# 📖 Journal: Fixing Gemma-4 Inference in Aegis-AI (SwiftLM)

**Date**: April 3, 2026
**Goal**: Resolve startup crashes for `mlx-community/gemma-4-26b-a4b-it-4bit` on Apple Silicon.

## 🏔️ The Journey

### 1. Identifying the Root Cause
The first major obstacle was tracking down why the server abruptly crashed with `Mismatched parameter model.layers.0.mlp.down_proj.weight`. 
* **The Investigation**: We reviewed MLX Swift logs and dived into the implementation of `Gemma4Model`. What was expected to be a straight 4-bit dimension packing was inexplicably arriving with 8-bit dimensions for specific sub-layers.
* **The Culprit**: **Mixed-Precision Quantization**. While the top-level `config.json` indicated 4-bit packaging overall, the creators left critical projections like `mlp.down_proj` in 8-bit to preserve model perplexity score capability. Our monolithic `sanitize` algorithm ignored those differences.

### 2. 🧱 The Blockers
The journey had a lot of detours due to syntax errors and library protections:
- **`internal` Protection Masking**: When updating the `Gemma4` wrapper to process `SwitchLinear` bits exactly like `Linear`, we hit a wall where Swift's visibility protocols blocked us. `SwitchLinear` held its `weight` property under internal protection, forcing us to detour into `SwitchLayers.swift` and export its dimension protocols publicly.
- **Syntax Quirks in MLX Arrays**: A heavy blocker hit us near the end. `Shapes (1,21) and (1,0) cannot be broadcast.` Why? Because Swift handles array slices completely uniquely compared to Python. Passing standard `[0..., kth...]` mapped physically missing sequence axes, yielding `(1,0)`. Tracing MLX's index protocol and discovering the true explicit form of `[0..., 0..., kth...]` for 3D tensors was critical.
- **Redeclaration Conflicts**: While iterating the `Gemma4RouterProj`, structural redeclarations crashed the compile chain. 

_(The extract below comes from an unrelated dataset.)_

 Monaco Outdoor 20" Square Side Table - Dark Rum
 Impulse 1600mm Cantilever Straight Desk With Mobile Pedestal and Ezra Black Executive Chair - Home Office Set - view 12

### 3. 🛠️ The Architecture Refactor
Rather than forcing constraints, we engineered the logic to be universally adaptable:
We implemented the `determineBits()` math (`32 * original / packed`) locally on every single linear operation initialization within MLX's weight mapping tree. Each individual layer dynamically detects its own native quantization state natively extracted directly from its Safetensor footprint checkpoint, completely bypassing unreliable config generalizations.

### 4. 🚀 The End Result
After several rounds of debugging and recompilation via `swift build -c release`, we finally produced a robust `SwiftLM` backend. 
When we bound it to `127.0.0.1:5430` natively loading all variables entirely on the Metal GPU in 13 tokens/second execution speeds without zero shape errors, we achieved the final breakthrough!

A smooth copy of our `SwiftLM` binary into the Aegis `b21/macos-arm64/` environment officially crowned the feature fully shipped and complete.

---

## 🔮 Phase 2: Making It Actually _Think_ (April 3-4, 2026)

### 5. TurboKV Crash on 512-Dim Global Heads
The server now loaded the model... then immediately crashed with `turbo_encode_k requires 128 or 256 but got 512`. 
* **The Fix**: Added a strict whitelist guard in `KVCache.swift` — only 128 and 256 dimensions pass through to the Metal kernel; everything else gracefully falls back to fp16.

### 6. The Token Collapse — Output Was All Dashes
After the TurboKV fix, the model loaded and ran at 627 t/s prefill speed. But every generated token was `236772` — a dash character. *Infinite dashes*.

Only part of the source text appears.